Required action
Without changing a thing, reproduce the entire listing and leave out its pictures.
※
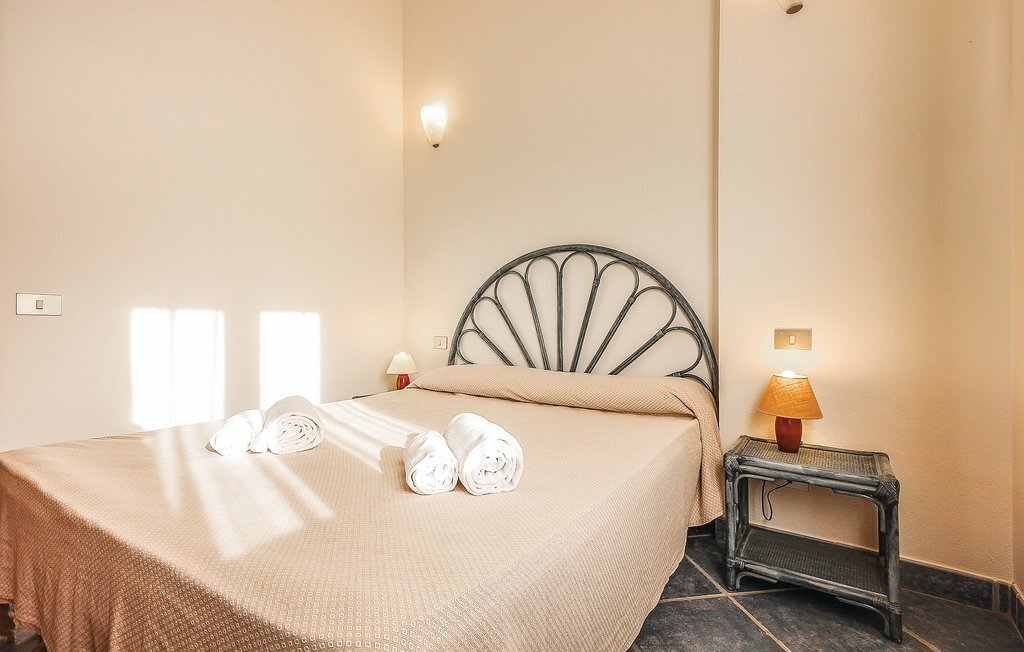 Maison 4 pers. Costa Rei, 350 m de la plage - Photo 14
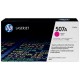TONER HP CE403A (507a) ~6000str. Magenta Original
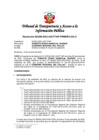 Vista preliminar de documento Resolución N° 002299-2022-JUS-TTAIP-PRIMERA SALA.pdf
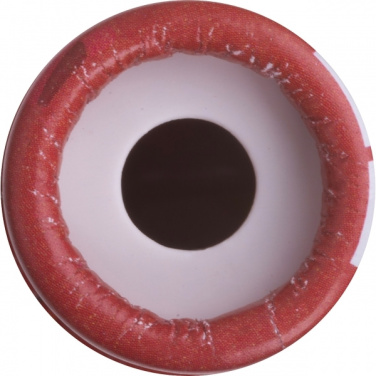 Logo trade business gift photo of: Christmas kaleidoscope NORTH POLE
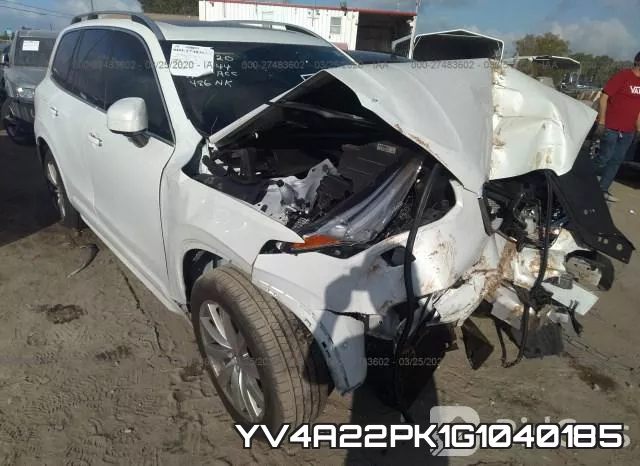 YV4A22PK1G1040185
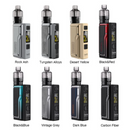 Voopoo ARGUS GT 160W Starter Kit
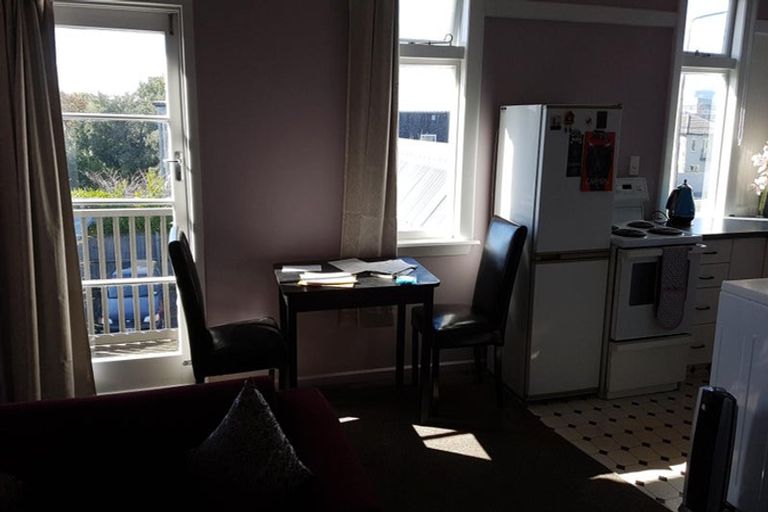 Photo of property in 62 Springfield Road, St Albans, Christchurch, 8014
※
Output for this exercise
 Maison 4 pers. Costa Rei, 350 m de la plage - Photo 14
TONER HP CE403A (507a) ~6000str. Magenta Original
 Vista preliminar de documento Resolución N° 002299-2022-JUS-TTAIP-PRIMERA SALA.pdf
 Logo trade business gift photo of: Christmas kaleidoscope NORTH POLE
 YV4A22PK1G1040185
 Voopoo ARGUS GT 160W Starter Kit
 Photo of property in 62 Springfield Road, St Albans, Christchurch, 8014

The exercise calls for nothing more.